Glastonbury, Are You Ready for Love?

Katie, do you want to get married?

And youll take me? she brushed off the eager hand of boisterous Mick Jones, and Clara answered the question in a flash. Mick laughed, baring his teeth, his eyes wandering over the rounded curves of Katie Agnew.

So, you in? Mick tried to reach for Clara. Otherwise we could tumble into the hayloft just let me hold on

Clara didnt hesitate; she shoved Mick straight into a thicket of nettles, where he landed like a clumsy helicopter, flailing his arms. Laughter erupted from the village hall where the local youths were gathered.

Hey, you plump one, Mick, rubbing his sore spot after emerging from the brambles, spat at Claras feet, his anger spilling out. Think youre funny? Theyre laughing at you

Katie turned away, lips pinched in hurt. Her friend Emma slipped a hand onto her shoulder. Whats the matter, Katie? Dont you know Mick? He only wants to snap his teeth at anyone.

Katie managed a smile. She wasnt going to cry. Shed grown used to this, and she understood: Emma could soothe things easily; nobody called her plump seriously. Katie was a sturdy girl, but beside Clara she felt as delicate as a sapling.

Lets go, the film starts soon, Emma called, and the three of them slipped into the dim light of the village hall.

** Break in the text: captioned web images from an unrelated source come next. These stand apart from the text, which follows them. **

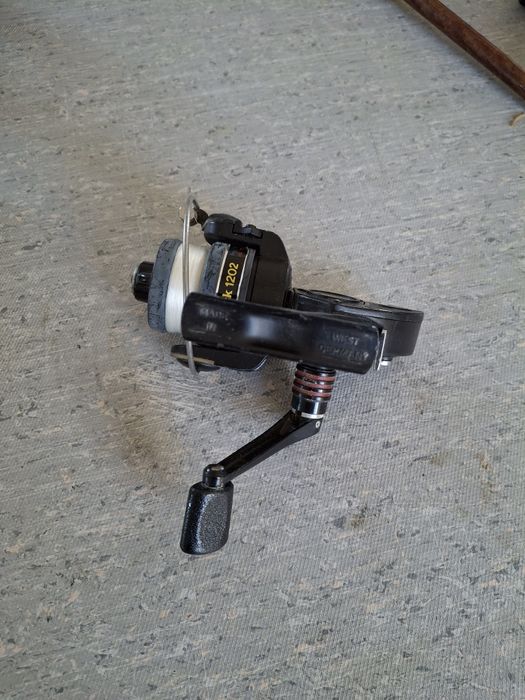 Stare kołowrotki wędkarskie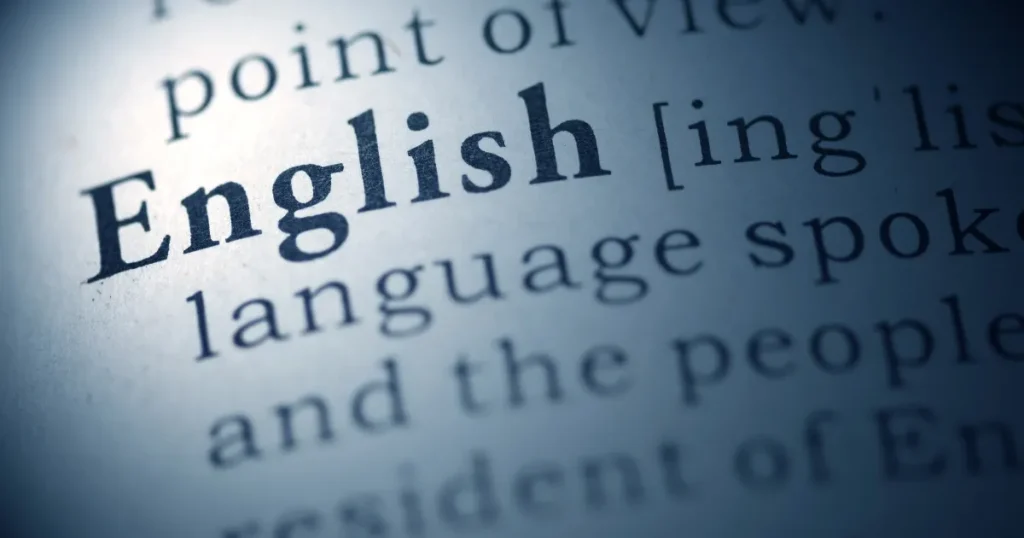 英語の辞書にフォーカスしたイメージ。寿司職人が現場で役立つ英語フレーズ15選を紹介するセクションに関連。
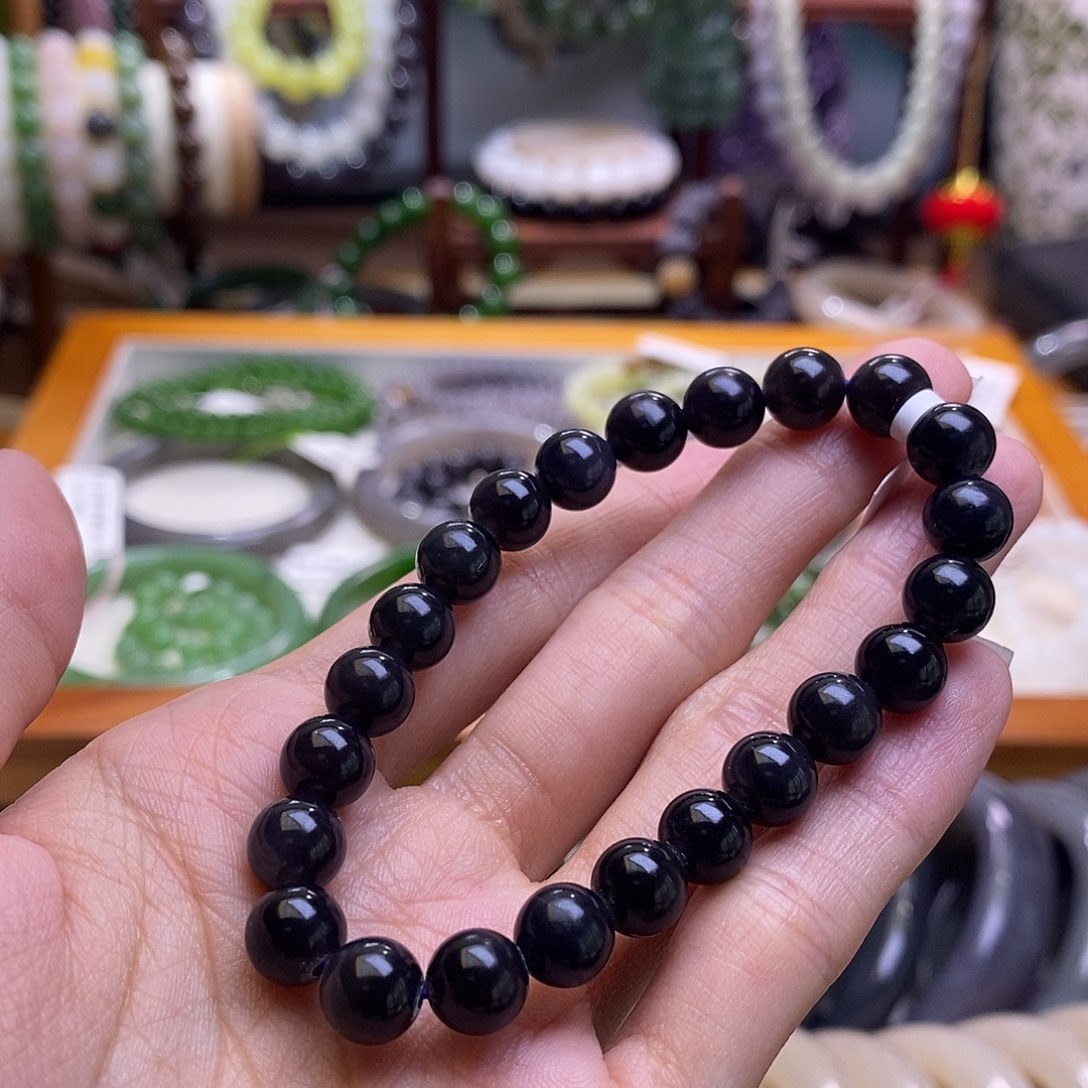 颈饰未镶嵌和田玉烟紫帝王紫手串8MM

Holding her dress carefully, Clara settled onto the creaking wooden benches of the old 1960s community hall. Comfort was scarce, but the pleasure of the cinema was abundant.

Clara sighed, watching the lithe heroines on screen.

Her older sister Mary was of a different build, just like their fatherthin as a reed. Their younger brother Colin was as lean as a stick. Their mother, however, was fullbodied, and Clara had taken after her. Yet their mother, Claudia, managed with boundless energy, never seeming to tire, and got along perfectly with the father. The pair looked like an odd couple: him lanky and slow, her round and spry, yet people still said they were a pair of shoes.

Clara sighed again, wondering whether shed ever find a partner in her little villageor anywhere else.

On Sunday the girls coaxed Clara to the parish centre, just as a delivery van with a tiny booth was due to arrive, where wooden benches would wobble like a tossed ball over the uneven ground.

They were driven to the centre, past the council building and a sundrenched square where music blared from a loudspeaker. Nearby a barrel of elderflower cordial steamed, and the girls ran straight to it, laughing, squinting against the glare, delighted by the summer day.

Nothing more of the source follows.